--- STUDY MATERIAL ---
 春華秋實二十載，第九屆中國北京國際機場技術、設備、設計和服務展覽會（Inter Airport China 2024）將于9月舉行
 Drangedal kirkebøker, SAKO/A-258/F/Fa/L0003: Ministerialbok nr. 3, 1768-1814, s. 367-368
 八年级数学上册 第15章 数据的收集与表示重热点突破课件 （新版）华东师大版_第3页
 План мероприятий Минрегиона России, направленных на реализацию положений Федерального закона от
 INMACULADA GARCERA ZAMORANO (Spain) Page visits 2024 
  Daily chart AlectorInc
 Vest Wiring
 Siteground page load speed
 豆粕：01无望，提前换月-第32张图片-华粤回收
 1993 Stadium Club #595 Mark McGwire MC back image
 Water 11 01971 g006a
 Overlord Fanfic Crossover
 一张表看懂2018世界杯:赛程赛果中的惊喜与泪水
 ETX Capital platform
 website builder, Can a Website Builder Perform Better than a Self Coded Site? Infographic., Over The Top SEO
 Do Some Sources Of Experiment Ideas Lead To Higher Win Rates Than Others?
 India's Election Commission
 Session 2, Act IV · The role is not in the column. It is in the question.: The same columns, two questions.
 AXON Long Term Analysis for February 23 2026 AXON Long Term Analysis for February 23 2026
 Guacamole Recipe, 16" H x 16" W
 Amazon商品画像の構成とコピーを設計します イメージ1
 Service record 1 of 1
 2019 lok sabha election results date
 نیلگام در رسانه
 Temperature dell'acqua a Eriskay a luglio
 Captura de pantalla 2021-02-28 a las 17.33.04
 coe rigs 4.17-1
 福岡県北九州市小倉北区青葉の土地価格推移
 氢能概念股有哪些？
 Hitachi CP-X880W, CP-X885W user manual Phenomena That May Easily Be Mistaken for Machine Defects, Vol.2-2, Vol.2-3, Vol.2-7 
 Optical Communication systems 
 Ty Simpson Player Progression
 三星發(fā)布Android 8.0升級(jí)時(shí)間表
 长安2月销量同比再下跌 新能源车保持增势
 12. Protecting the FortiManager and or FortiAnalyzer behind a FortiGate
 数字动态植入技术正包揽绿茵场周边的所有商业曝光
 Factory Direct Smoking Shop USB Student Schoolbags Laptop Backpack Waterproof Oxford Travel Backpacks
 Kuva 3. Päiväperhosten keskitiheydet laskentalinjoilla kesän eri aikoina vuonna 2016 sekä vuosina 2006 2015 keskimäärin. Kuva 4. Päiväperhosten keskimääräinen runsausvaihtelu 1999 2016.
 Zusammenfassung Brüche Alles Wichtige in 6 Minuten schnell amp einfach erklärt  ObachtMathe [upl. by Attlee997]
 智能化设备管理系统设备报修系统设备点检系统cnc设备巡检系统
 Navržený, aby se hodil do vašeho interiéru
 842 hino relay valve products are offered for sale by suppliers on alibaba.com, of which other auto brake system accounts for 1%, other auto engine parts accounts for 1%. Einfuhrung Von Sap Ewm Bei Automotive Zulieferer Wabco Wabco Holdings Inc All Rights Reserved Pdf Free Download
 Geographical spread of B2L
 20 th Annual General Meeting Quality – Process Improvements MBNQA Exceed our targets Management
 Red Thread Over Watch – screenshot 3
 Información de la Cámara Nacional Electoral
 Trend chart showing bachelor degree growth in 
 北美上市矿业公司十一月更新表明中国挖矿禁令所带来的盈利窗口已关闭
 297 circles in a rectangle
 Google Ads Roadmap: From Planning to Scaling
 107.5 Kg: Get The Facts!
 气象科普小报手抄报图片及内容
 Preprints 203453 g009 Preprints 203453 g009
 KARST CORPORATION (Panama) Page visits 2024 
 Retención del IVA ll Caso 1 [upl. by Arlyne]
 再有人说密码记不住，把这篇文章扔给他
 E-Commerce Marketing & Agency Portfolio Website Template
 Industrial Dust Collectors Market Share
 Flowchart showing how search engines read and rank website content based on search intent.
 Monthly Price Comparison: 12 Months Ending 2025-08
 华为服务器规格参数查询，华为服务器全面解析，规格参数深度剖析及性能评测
---
REQUIRED WORK >> Please give the full set of data again exactly.

EXERCISE RESPONSE >>
 春華秋實二十載，第九屆中國北京國際機場技術、設備、設計和服務展覽會（Inter Airport China 2024）將于9月舉行
 Drangedal kirkebøker, SAKO/A-258/F/Fa/L0003: Ministerialbok nr. 3, 1768-1814, s. 367-368
 八年级数学上册 第15章 数据的收集与表示重热点突破课件 （新版）华东师大版_第3页
 План мероприятий Минрегиона России, направленных на реализацию положений Федерального закона от
 INMACULADA GARCERA ZAMORANO (Spain) Page visits 2024 
  Daily chart AlectorInc
 Vest Wiring
 Siteground page load speed
 豆粕：01无望，提前换月-第32张图片-华粤回收
 1993 Stadium Club #595 Mark McGwire MC back image
 Water 11 01971 g006a
 Overlord Fanfic Crossover
 一张表看懂2018世界杯:赛程赛果中的惊喜与泪水
 ETX Capital platform
 website builder, Can a Website Builder Perform Better than a Self Coded Site? Infographic., Over The Top SEO
 Do Some Sources Of Experiment Ideas Lead To Higher Win Rates Than Others?
 India's Election Commission
 Session 2, Act IV · The role is not in the column. It is in the question.: The same columns, two questions.
 AXON Long Term Analysis for February 23 2026 AXON Long Term Analysis for February 23 2026
 Guacamole Recipe, 16" H x 16" W
 Amazon商品画像の構成とコピーを設計します イメージ1
 Service record 1 of 1
 2019 lok sabha election results date
 نیلگام در رسانه
 Temperature dell'acqua a Eriskay a luglio
 Captura de pantalla 2021-02-28 a las 17.33.04
 coe rigs 4.17-1
 福岡県北九州市小倉北区青葉の土地価格推移
 氢能概念股有哪些？
 Hitachi CP-X880W, CP-X885W user manual Phenomena That May Easily Be Mistaken for Machine Defects, Vol.2-2, Vol.2-3, Vol.2-7 
 Optical Communication systems 
 Ty Simpson Player Progression
 三星發(fā)布Android 8.0升級(jí)時(shí)間表
 长安2月销量同比再下跌 新能源车保持增势
 12. Protecting the FortiManager and or FortiAnalyzer behind a FortiGate
 数字动态植入技术正包揽绿茵场周边的所有商业曝光
 Factory Direct Smoking Shop USB Student Schoolbags Laptop Backpack Waterproof Oxford Travel Backpacks
 Kuva 3. Päiväperhosten keskitiheydet laskentalinjoilla kesän eri aikoina vuonna 2016 sekä vuosina 2006 2015 keskimäärin. Kuva 4. Päiväperhosten keskimääräinen runsausvaihtelu 1999 2016.
 Zusammenfassung Brüche Alles Wichtige in 6 Minuten schnell amp einfach erklärt  ObachtMathe [upl. by Attlee997]
 智能化设备管理系统设备报修系统设备点检系统cnc设备巡检系统
 Navržený, aby se hodil do vašeho interiéru
 842 hino relay valve products are offered for sale by suppliers on alibaba.com, of which other auto brake system accounts for 1%, other auto engine parts accounts for 1%. Einfuhrung Von Sap Ewm Bei Automotive Zulieferer Wabco Wabco Holdings Inc All Rights Reserved Pdf Free Download
 Geographical spread of B2L
 20 th Annual General Meeting Quality – Process Improvements MBNQA Exceed our targets Management
 Red Thread Over Watch – screenshot 3
 Información de la Cámara Nacional Electoral
 Trend chart showing bachelor degree growth in 
 北美上市矿业公司十一月更新表明中国挖矿禁令所带来的盈利窗口已关闭
 297 circles in a rectangle
 Google Ads Roadmap: From Planning to Scaling
 107.5 Kg: Get The Facts!
 气象科普小报手抄报图片及内容
 Preprints 203453 g009 Preprints 203453 g009
 KARST CORPORATION (Panama) Page visits 2024 
 Retención del IVA ll Caso 1 [upl. by Arlyne]
 再有人说密码记不住，把这篇文章扔给他
 E-Commerce Marketing & Agency Portfolio Website Template
 Industrial Dust Collectors Market Share
 Flowchart showing how search engines read and rank website content based on search intent.
 Monthly Price Comparison: 12 Months Ending 2025-08
 华为服务器规格参数查询，华为服务器全面解析，规格参数深度剖析及性能评测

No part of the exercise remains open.